– Ну, бей… – посопев носом сказал Твикс и уныло вздохнул.
Но Женька почему-то повёл себя как-то странно – не дал Веньке даже подзатыльника, даже простецкого щелбана. Вместо этого он только лишь поморщился, и коротко отмахнулся (может быть, на него тоже как-то необычно повлиял вчерашний дождик?)
– Ладно уж, хватит с тебя и «водных процедур» в этой калюжине, – сказал он, собираясь уходить. – Но, имей в виду: ещё раз такой фокус устроишь, как вчера со значком – сильно потом пожалеешь!
– Угу… – Твикс согласно мотнул головой, и неожиданно для себя самого произнёс. – Жень, ты это… В общем, ну-у-у… Извини…
Сказал, и сам испугался: ой, а что это с ним такое опять происходит?! Как это он мог – извиниться?!! Правда, и Женька, услышав сказанное Горшкобоевым, ошарашенно оглянулся на него как на сумасшедшего и, что-то буркнув, отправился восвояси. А Твикс кое-как отряхнулся от грязи и побрёл домой. Он шёл и краснел, вспоминая про то, что совсем недавно собирался у кого-то что-то отнять, что-то стащить… При этом ему делалось невыносимо стыдно за себя, за свои дела и поступки. А ещё ему было страшно: а вдруг он таким останется навсегда?!! Ну, в самом деле: как жить на свете, если никому – не соври, никого – не обмани, ничего – не стащи, ни с кем – не посплетничай?.. Прямо, не жизнь будет, а мука!
Придя домой, Венька решил действовать так, как его настраивал психоневролог: клин – клином вышибать. То есть, несмотря ни на что, вести себя нагло и вызывающе, не обращать внимания на чужое мнение, ни с кем и ни с чем не считаться. Даже с родителями. Когда он вошёл во двор, Анджела Георгиевна, развешивала стираное бельё. Увидев сына, она спросила:
– Венечка, сынуленька, ты мне прищепки с веранды принесёшь?

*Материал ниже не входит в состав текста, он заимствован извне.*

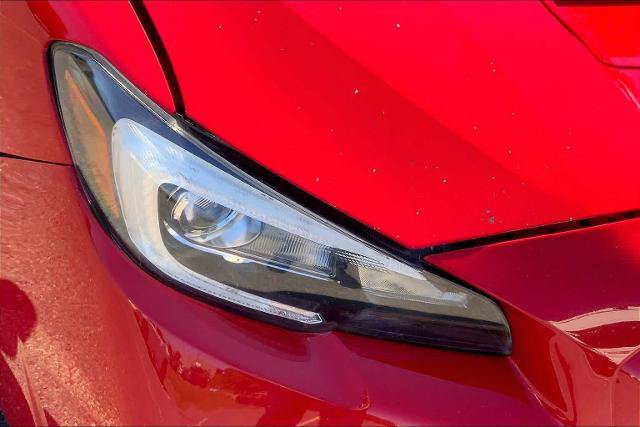 Used 2017 Subaru WRX STI AWD/4WD image 27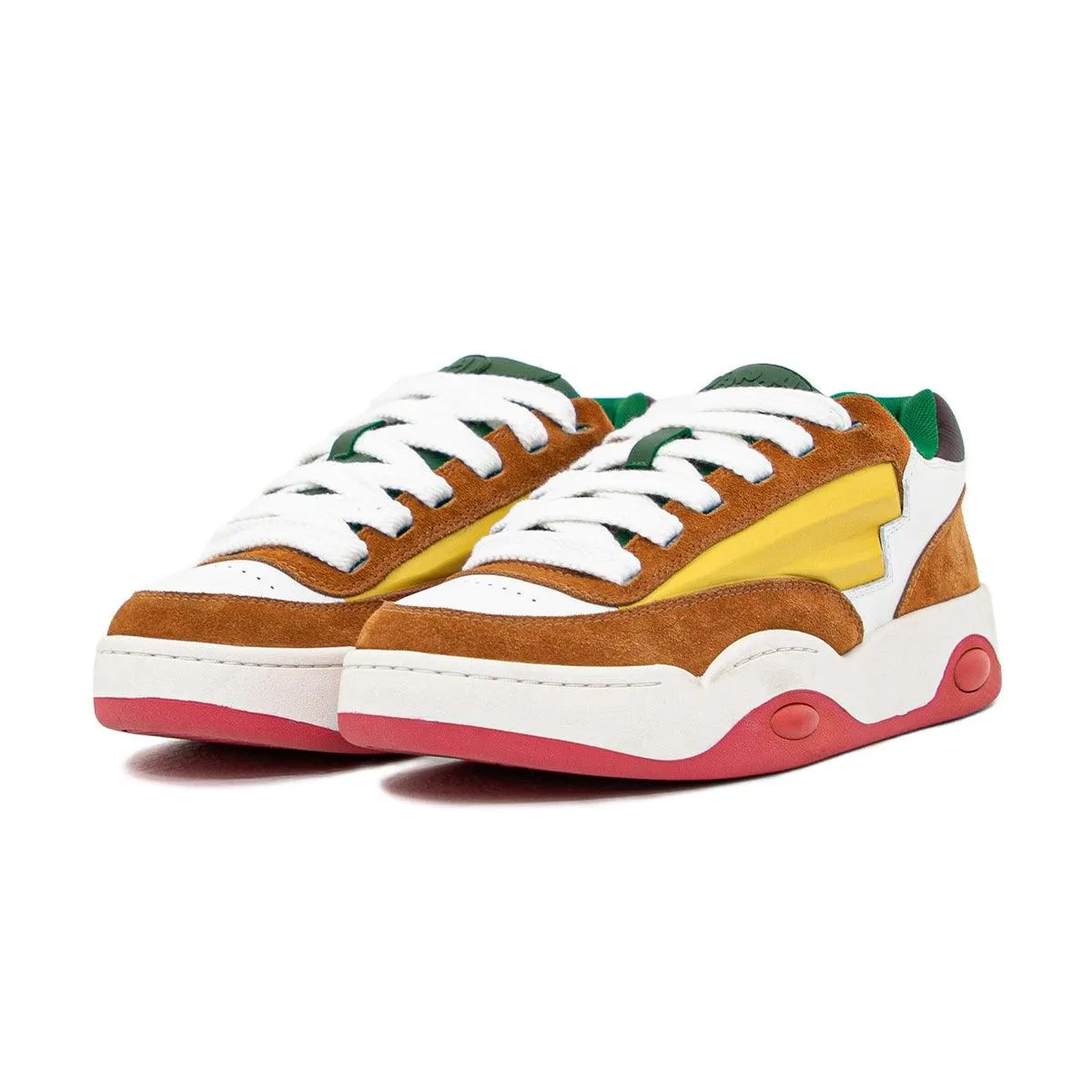 Vandy Proboard 'Classic Burger' Comfortable Feel microfiber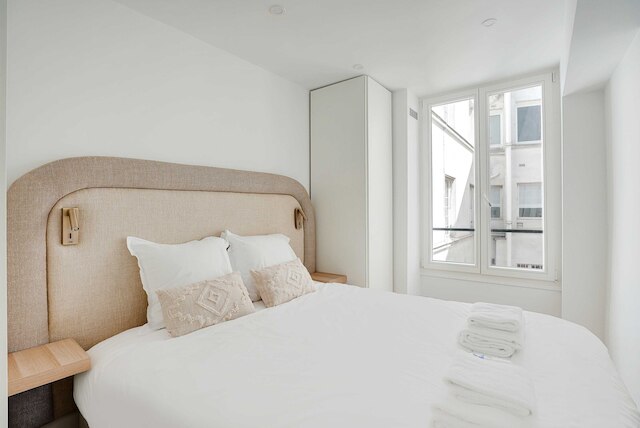 エレガント アパートメント - 2ベッドルーム / 4P - ニア アンヴァリッド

Твикс тут же решил, что на это ему следует или спросить, как это было всегда: «А что мне за это будет?», или даже объявить: «А на фиг мне это нужно?». Но! Произошло нечто пугающее: ноги вдруг сами понесли Веньку к веранде, руки сами схватили связку с прищепками, и он в момент принёс их матери. И если бы любая другая мама только порадовалась бы тому, как её слушается сын, то Анджела Георгиевна не на шутку встревожилась и даже переполошилась.

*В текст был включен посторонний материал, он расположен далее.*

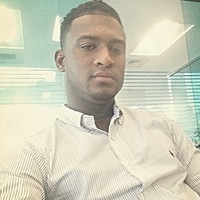 Johan Martinez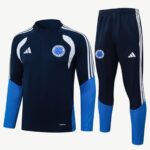 Cruzeiro Bộ đào tạo 2026/27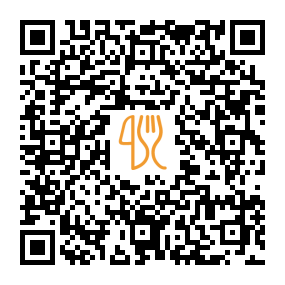 QR-code link para o menu de A&W Restaurant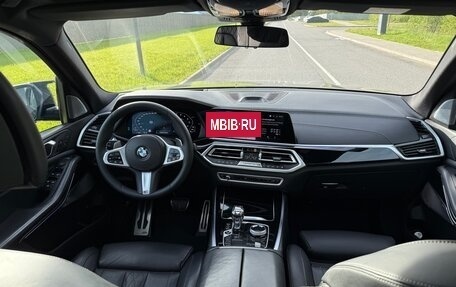 BMW X5, 2020 год, 7 800 000 рублей, 9 фотография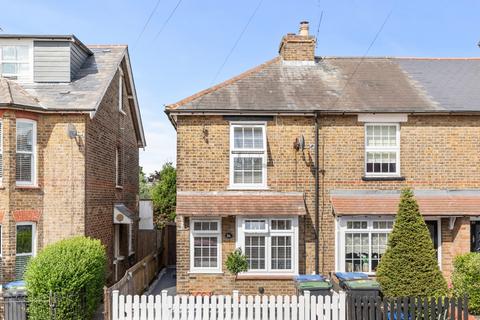 3 bedroom terraced house for sale, St. Johns Road, Epping CM16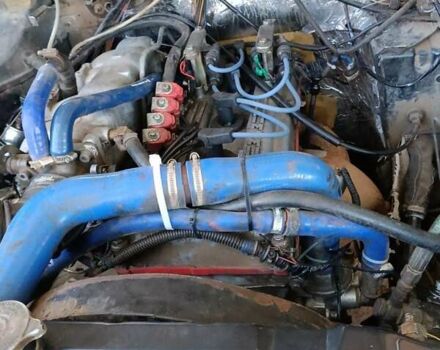 Зеленый УАЗ 3163 Patriot, объемом двигателя 2.69 л и пробегом 180 тыс. км за 3700 $, фото 5 на Automoto.ua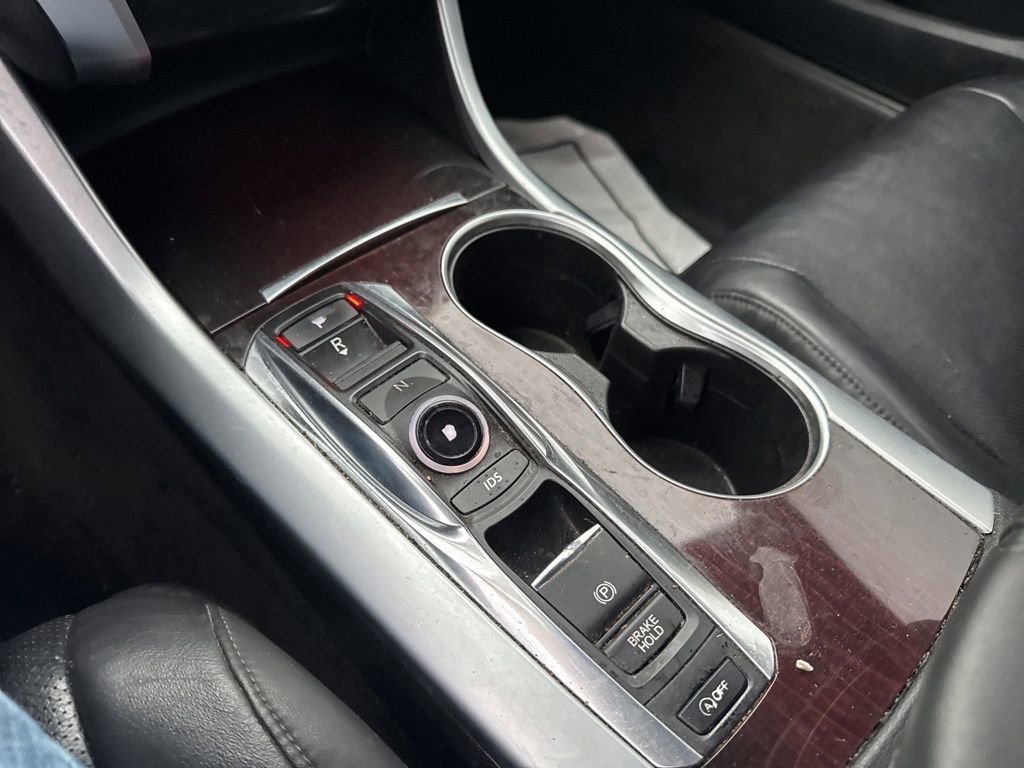 Used 2015 Acura TLX 3.5L V6 image 7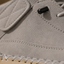 Women's Low-Top Elastic-Lace Hook-and-Loop Strap Casual Sneakers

– Это что ещё такое?! – строго спросила она сконфузившегося Вениамина. – Ты, что, опять?! Опять превратился в бесхребетного тютю? И… Ой! Сыночка! А почему ты такой грязный?
– Я упал в лужу, когда убегал от Женьки Приходина… – с досадой сообщил Венька. – Он хотел меня поколотить за то, что я вчера устроил ему очень нехорошую, свинскую подставу. Я, прямо, сам себе сейчас по морде дать готов! Вот…
– А он тебя догнал, побил, и толкнул в грязь?! – рассвирепела Анджела Георгиевна.
– Нет, в лужу я упал сам, а он… А он меня не тронул, сказал только, что хватит с меня и этого. Вот… А я… А я перед ним из… Гм… Я перед ним извинился… – Венька последние слова сказал почти шёпотом.
– Что-о-о-о-о?!! – Анджела Георгиевна стояла, словно громом поражённая, держась за сердце, как это делают американцы, когда слушают свой гимн. – Ты извинился перед каким-то мелким хулиганишкой Приходиным?!!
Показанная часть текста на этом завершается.